Hybrid Imbalanced Regression Through Unified Data-Level and Algorithm-Level Balancing
For practitioners dealing with imbalanced regression problems, this work provides a unified approach that outperforms existing methods, though the gains are incremental.
The paper tackles imbalanced regression by proposing a hybrid framework that combines data-level and algorithm-level balancing. The framework achieves consistent improvements over standalone regressors and existing methods on benchmark datasets.

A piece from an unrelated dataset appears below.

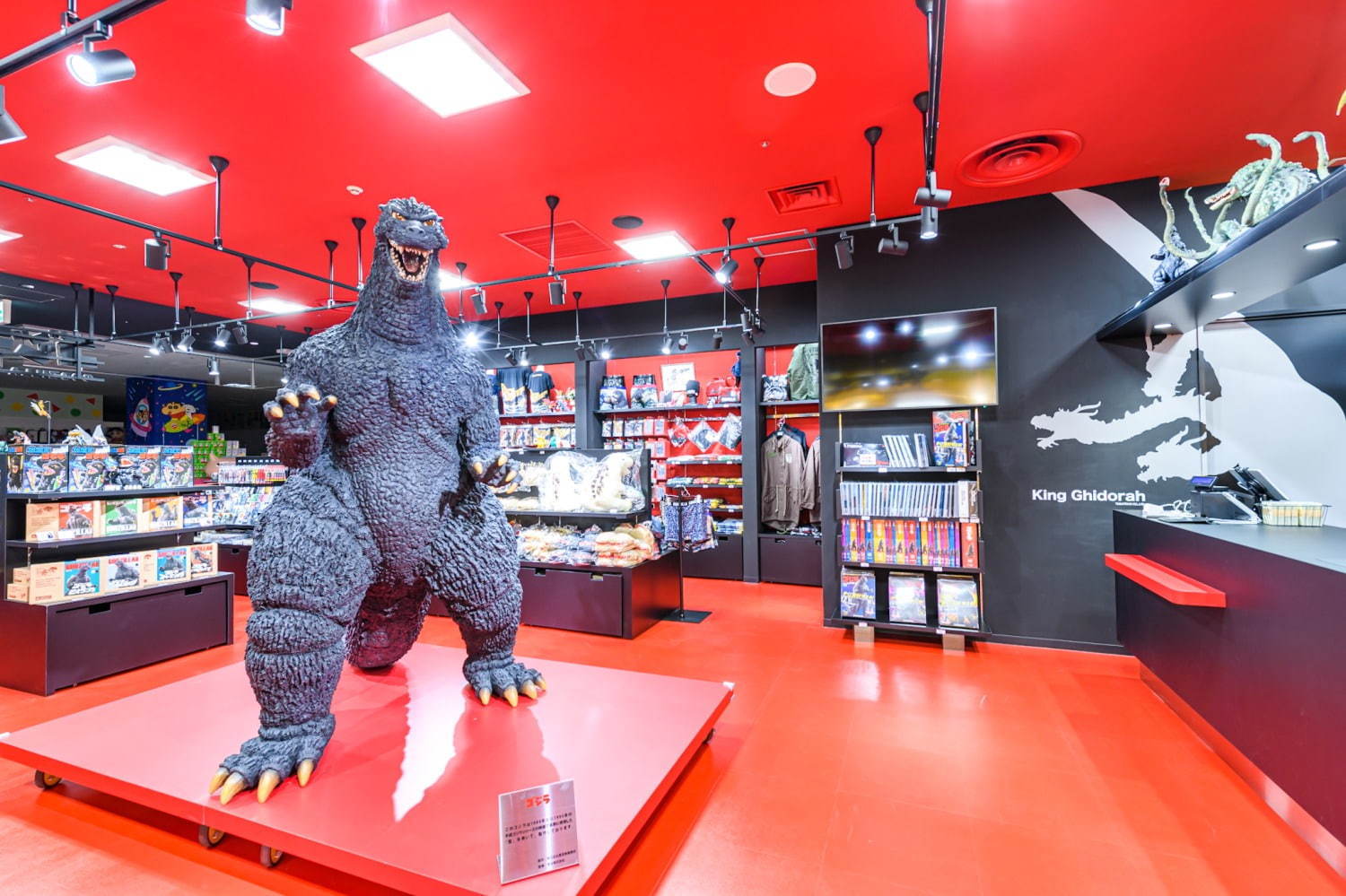 「ゴジラ・ストア」大阪・心斎橋パルコに2号店、限定グッズや歴代ゴジラフィギュアなど｜写真10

Imbalanced learning is a critical challenge in machine learning, where underrepresented target values can bias models and degrade prediction performance on rare but important cases. Although extensively studied in classification, imbalanced regression remains relatively underexplored. Existing methods mainly focus on either data-level balancing, which may introduce noise and overfitting, or algorithm-level balancing, which often struggles with highly complex target distributions. To address these limitations, we propose a unified hybrid framework that integrates both data- and algorithm-level balancing strategies into a regressor-agnostic pipeline. The proposed framework consists of five stages: (1) adaptive bin partitioning to dynamically segment the target space based on local linear coherence; (2) target-conditioned representation learning using a Conditional Variational Autoencoder; (3) multistage data-level balancing through feature-space clustering and oversampling of minority clusters; (4) algorithm-level balancing using a novel Latent-Density Weighted Loss (LDWL) to emphasize rare samples in latent and target spaces; and (5) attention-based gated fusion for final regression. Experimental results on benchmark datasets demonstrate that the proposed framework consistently improves predictive performance compared to standalone regressors and existing imbalanced regression approaches.